Planning on buying a new house and renting out our current house.
Any tips or things I should know about?

Bearbehind Sun 05-Jul-15 21:42:41

It really isn't something to enter into lightly.

Asking on an Internet forum 'what you should know about' doesn't bode well.

There's a whole heap of legislation you need to adhere to plus the general PITA of day to day landlord issues.

If you really don't have the first clue what to expect it might not be the best decision.

LocatingLocatingLocating Sun 05-Jul-15 21:50:53

I have read quite a bit about it, but was interested in what others saw as key.
So for example I am familiar with the taxation of rental, and what income can be excluded. I have read up in the capital gains issues. We would want to go down the route of using a letting agent.
I understand that interest rates will be higher than for a standard residential property. We fully own our current property but will be remortgaging to raise a deposit on the new property.
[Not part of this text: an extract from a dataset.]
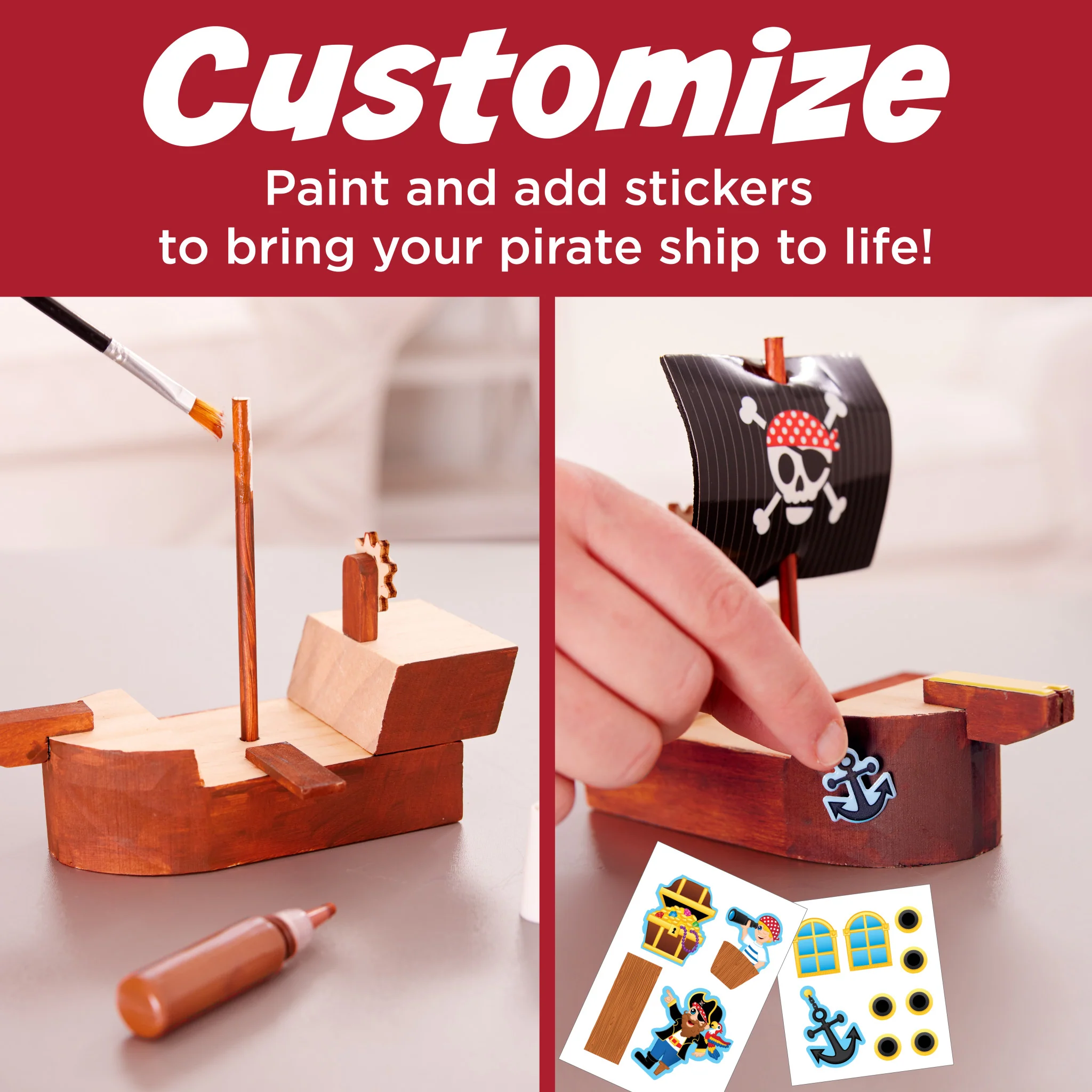 Buildeez!™ Pirate Ship - The Sea Skull - #6459000 - Image 6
This will still leave us with more than 50% of house value as equity.
We don't actually need the rental income in order to be able to afford our (two lots of) mortgage payments, but obviously we will need to consider costs for times when the property may not have tenants, when we will have to cover costs such as CT/ bills.

LocatingLocatingLocating Sun 05-Jul-15 21:53:57

Some questions include:
Will tenants normally cover all bills (will they be in their names?) Or does the landlord 'recharge' the tenant? (Can't remember from my renting days many moons away).
What is score re insurance and can you exclude any parts if property (e.g. external garage)?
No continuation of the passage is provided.